Stanford CoreNLP can be downloaded via the link below. This will download a large (536 MB) zip file containing (1) the CoreNLP code jar, (2) the CoreNLP models jar (required in your classpath for most tasks), (3) the libraries required to run CoreNLP, and (4) documentation / source code for the project. Unzip this file, open the folder that results and you’re ready to use it.

Download CoreNLP 3.7.0

Alternatively, Stanford CoreNLP is available on Maven Central. Source is available on GitHub. For more information on obtaining CoreNLP, see the download page. To download earlier versions of Stanford CoreNLP, including the last stable release (3.6.0), or language packs for earlier versions, go to the history page.

You can find the jars for 3.7.0 containing the models for each language we support in the table below. Due to size issues we have divided the English resources into two jars. The English (KBP) models jar contains extra resources needed to run relation extraction and entity linking.

Language model jar version
Arabic download 3.7.0
Chinese download 3.7.0
English download 3.7.0
English (KBP) download 3.7.0
French download 3.7.0
German download 3.7.0
Spanish download 3.7.0

Human languages supported

The basic distribution provides model files for the analysis of well-edited English, but the engine is compatible with models for other languages. We provide packaged models for Arabic, Chinese, French, German, and Spanish. We also provide a jar that contains all of our English models, which includes various variant models, and in particular has one optimized for working with uncased English (e.g., mostly or all either uppercase or lowercase). There is also some third party support for additional languages. You can find out more about using CoreNLP with various human languages on the other human languages page.

Programming languages and operating systems

Stanford CoreNLP is written in Java; current releases require Java 1.8+.

You can use Stanford CoreNLP from the command-line, via its Java programmatic API, via third party APIs for most major modern programming languages, or via a service. It works on Linux, OS X, and Windows.

License

Stanford CoreNLP is licensed under the GNU General Public License (v3 or later; in general Stanford NLP code is GPL v2+, but CoreNLP uses several Apache-licensed libraries, and so the composite is v3+). Note that the license is the full GPL, which allows many free uses, but not its use in proprietary software which is distributed to others. For distributors of proprietary software, commercial licensing is available from Stanford. You can contact us at java-nlp-support@lists.stanford.edu.
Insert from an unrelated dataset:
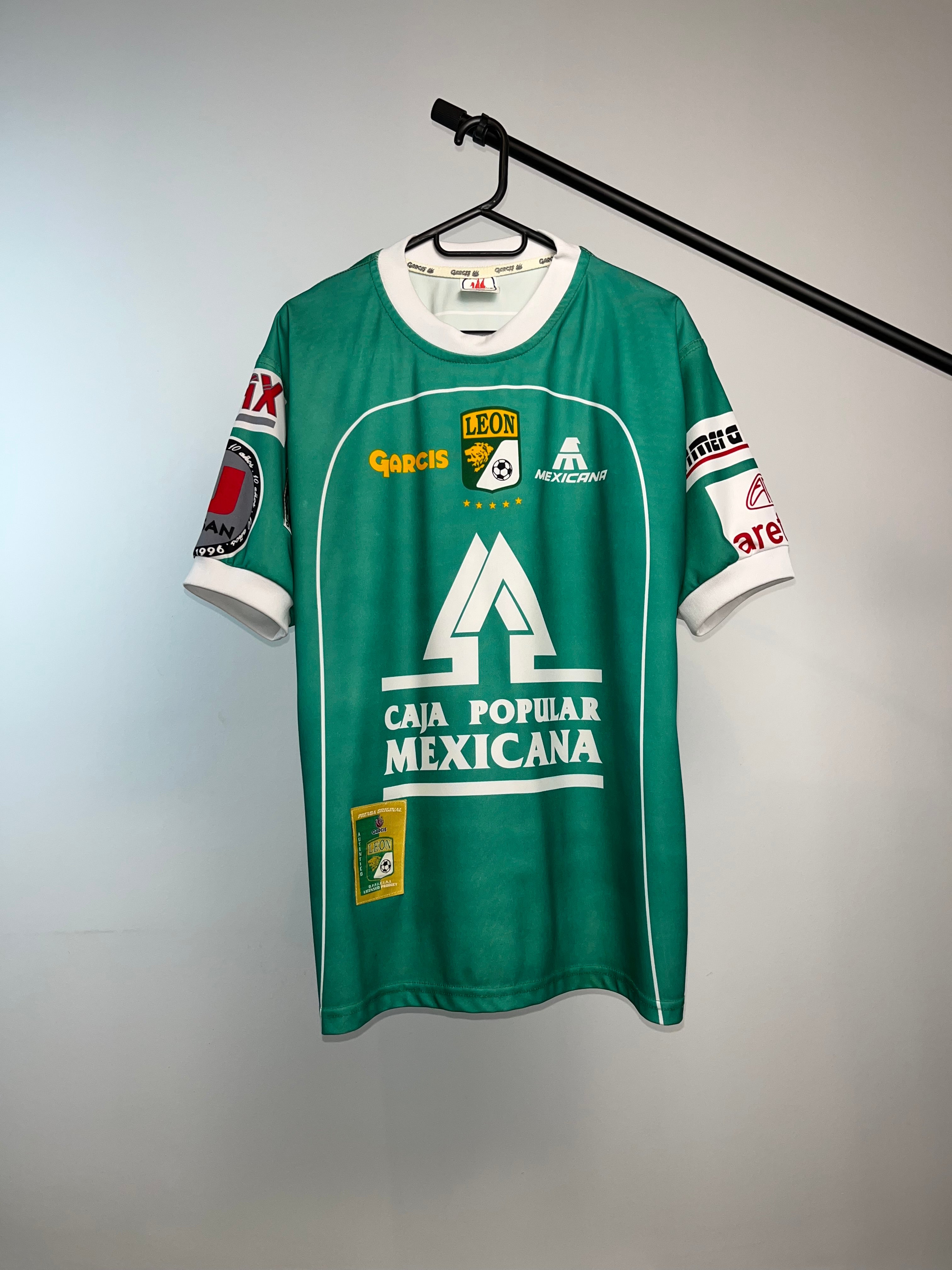 Jersey Original Leon FC 2007 Ascenso Local Garcis Caja Popular (Retro,Vintage,Clasica)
If you don’t need a commercial license, but would like to support maintenance of these tools, we welcome gift funding: use this form and write “Stanford NLP Group open source software” in the Special Instructions.
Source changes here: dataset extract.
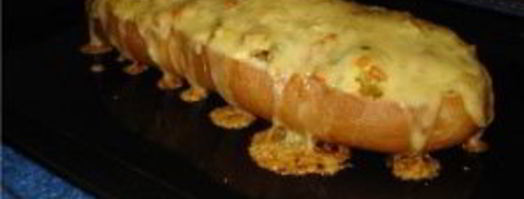 фаршированный батон в духовке. Шаг 6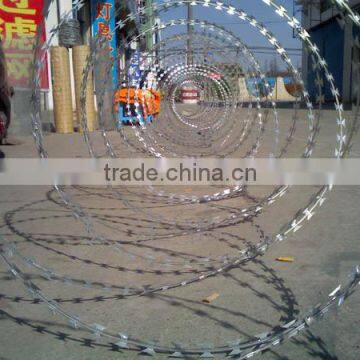 High Safety Low Price Razor Barded Wire Mesh / Hebei Manufacturer BTO-22 Razor Barbed Wire /galvanized & PVC Coated Razor Barbed photo-6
Citing Stanford CoreNLP in papers

If you’re just running the CoreNLP pipeline, please cite this CoreNLP demo paper:

Manning, Christopher D., Mihai Surdeanu, John Bauer, Jenny Finkel, Steven J. Bethard, and David McClosky. 2014. The Stanford CoreNLP Natural Language Processing Toolkit In Proceedings of the 52nd Annual Meeting of the Association for Computational Linguistics: System Demonstrations, pp. 55-60. [pdf] [bib]

If you’re dealing in depth with particular annotators, you’re also encouraged to cite the papers that cover individual components: POS tagging, NER, parsing (with parse annotator), dependency parsing (with depparse annotator), coreference resolution, sentiment, or Open IE. You can find more information on the Stanford NLP software pages and/or publications page.